Fig 1. Overview of our proposed Pixel-aligned Feedback Fusion (PaFF) pipeline. (a) Pixel Alignment Feedback (PaF) Feature Extraction. (b) PaFF iteratively refines human body parameters’ estimation with the guidance of the PaF feature. (c) The task of multi-view feedback fusion is disentangled into three tasks - Multi-view Pose & Shape Fusion, Multi-view Orientation Estimation, and Multi-view Translation Estimation to incorporate camera parameters in the end-to-end model.

Fig 2. Multi-view Pose & Shape Feedback Fusion Module. a) The structure of pose & shape multi-view feedback fusion Module. b) Visualize vertices selected by max-pooling: The estimated meshes from the previous iteration and the sampled vertices are shown at the bottom. In the top images, we visualize the sampling vertex in each view that contributes most to one feature dimension of the fused feature. By looking at the selected vertices on the left arm and legs, we can find that the vertices which reflect more estimation misalignment are easier to be chosen.

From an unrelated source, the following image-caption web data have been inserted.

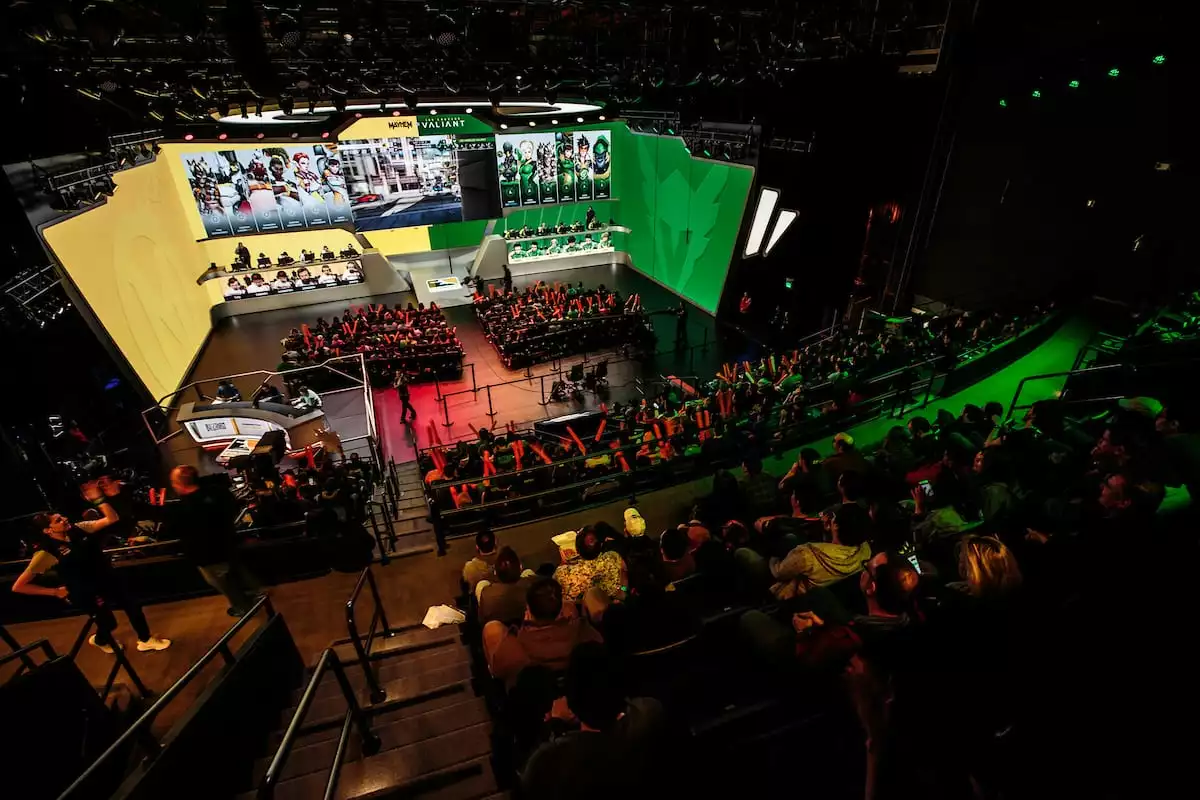 florida mayhem roster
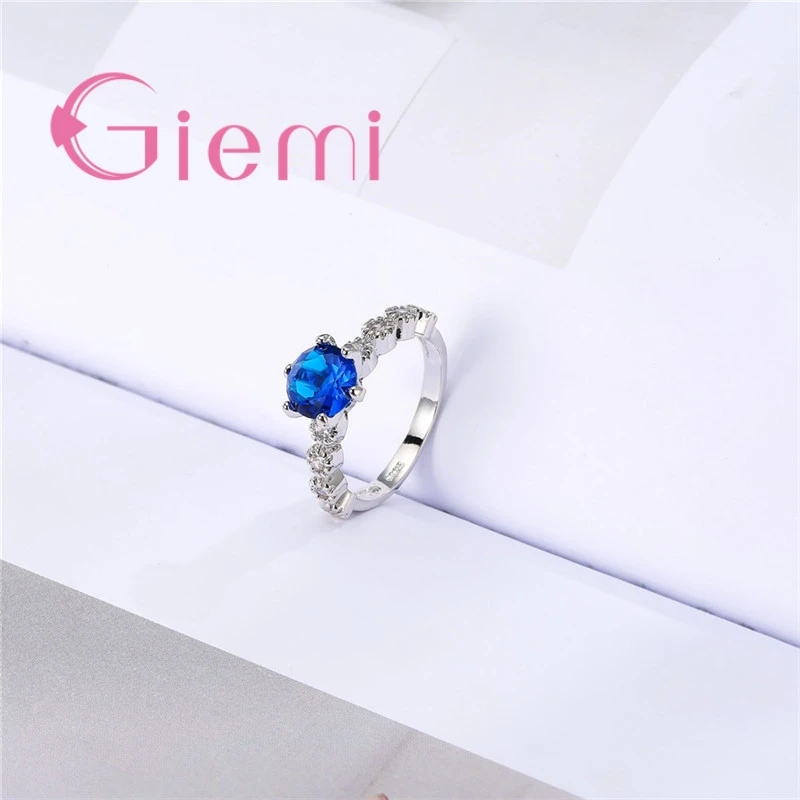 J03100 (5)
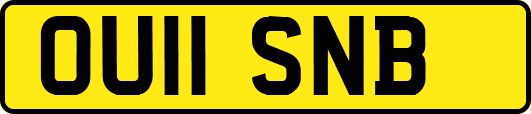OU11SNB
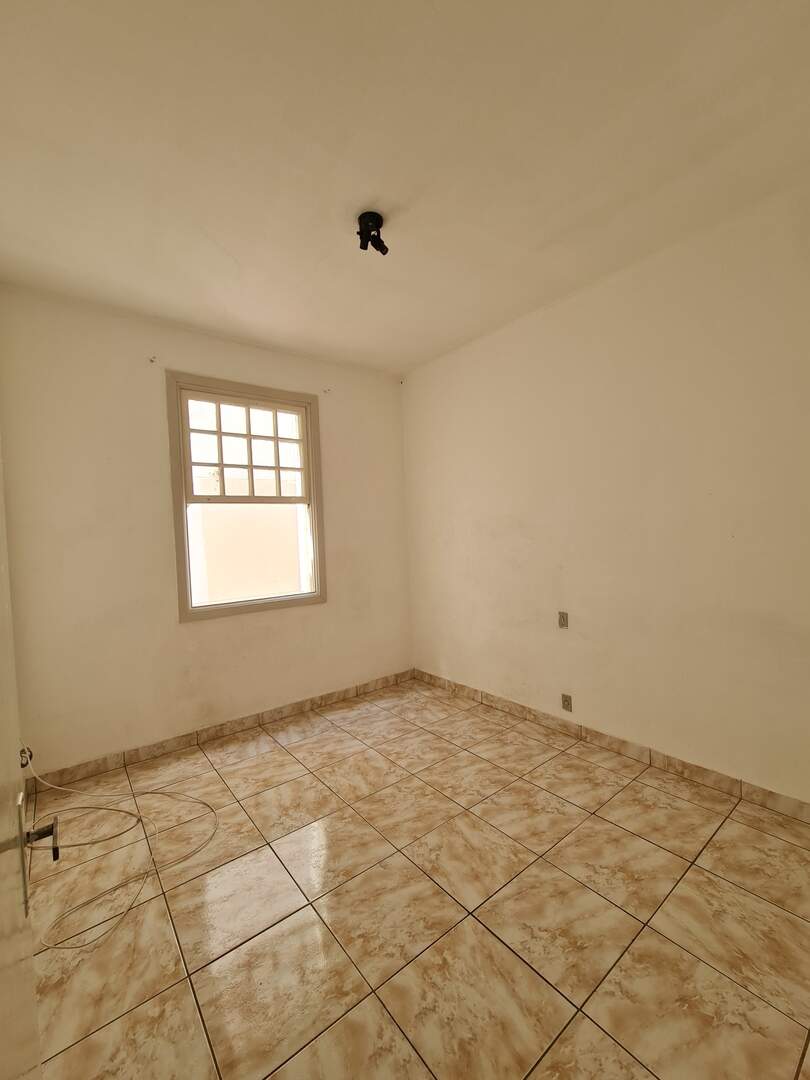 Casa à venda no Centro: 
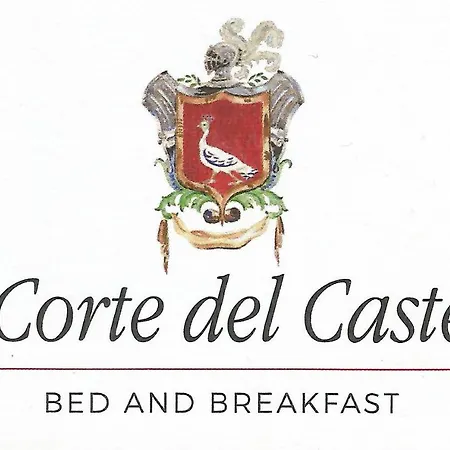 La Corte Del Castello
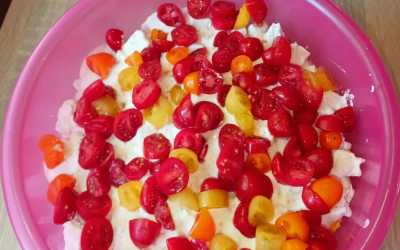 Obóz młodzieżowy, Piecki - obóz kucharski - Kulinarne Lato Mazurskie Chaty, 10 dni 10-14 lat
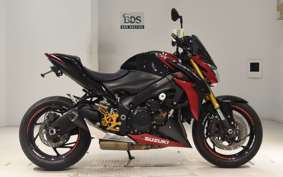 SUZUKI GSX-S1000 2015 GT79A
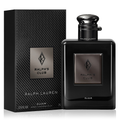 Ralph Lauren Ralph's Club Elixir 75ml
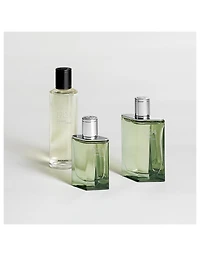 H24 Herbes Vives, Eau de Parfum Refill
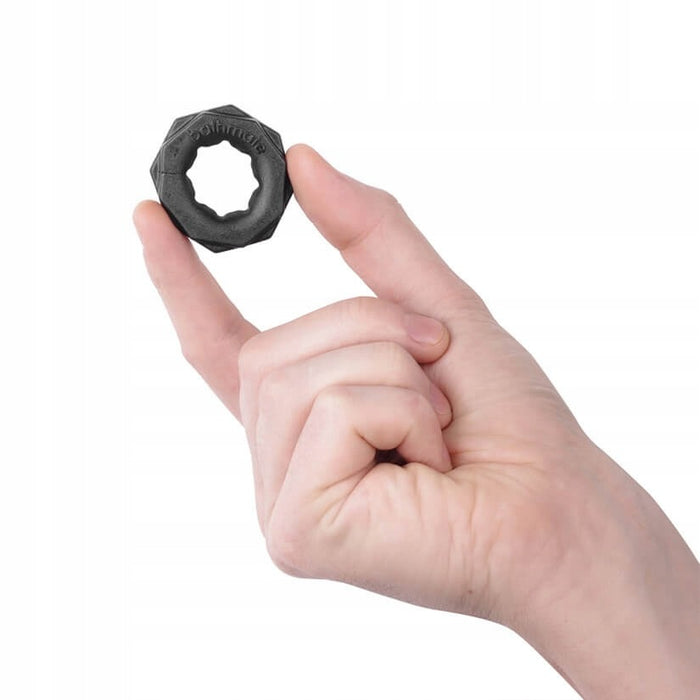 Bathmate Power Rings Spartan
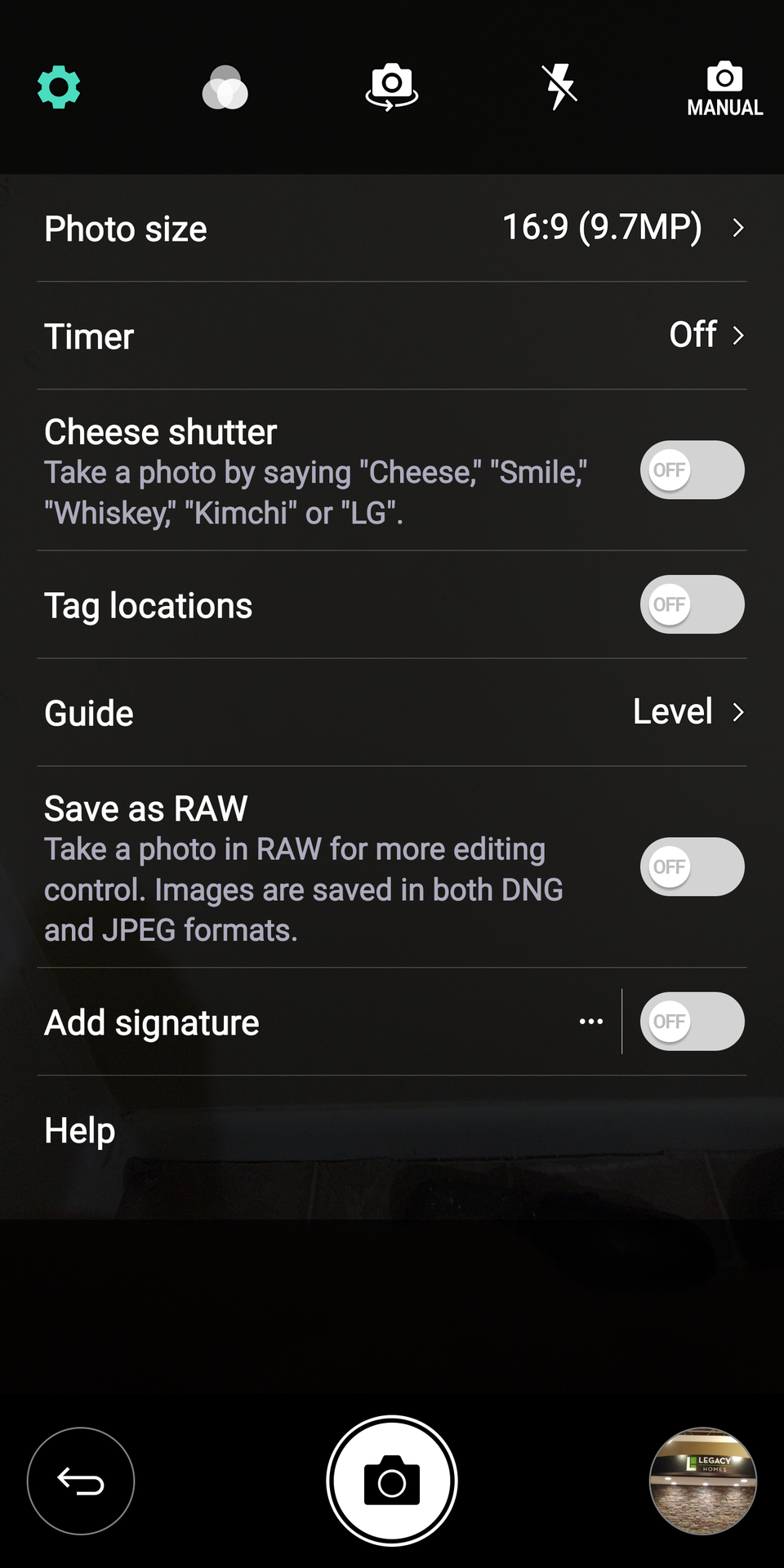 Screenshot_2017-07-08-02-51-46.png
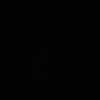 j7le_29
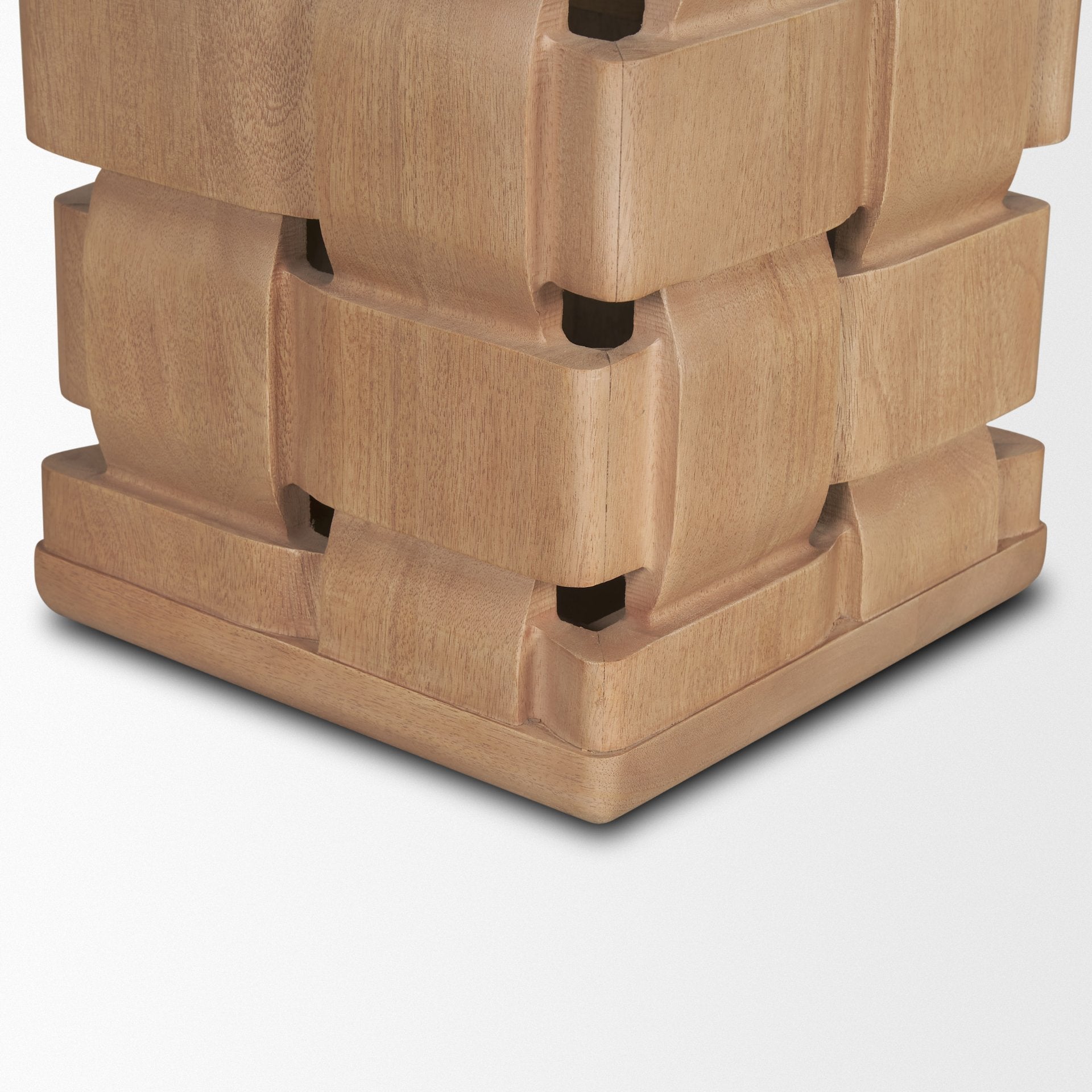 Trellyn Accent Table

Fig 3. Global Orientation Estimator. (a) Method iO and (b) Method fO are two options for Global Orientation Estimator; (c) shows the motivation of method fO that uses transformer fusion to collect multi-view body parts mis-alignment signals in order to avoid depth ambiguity and occlusion problems. Estimated models and feature sampling are visualized in the left images, while updated estimations are shown in the right images. Blue arrows indicate the correction rotation needed for each view’s estimation. Comparing the refinement effect in one iteration (k=2) of the two methods, method fO performs better in orientation estimation, which also leads to a better estimation of the right leg.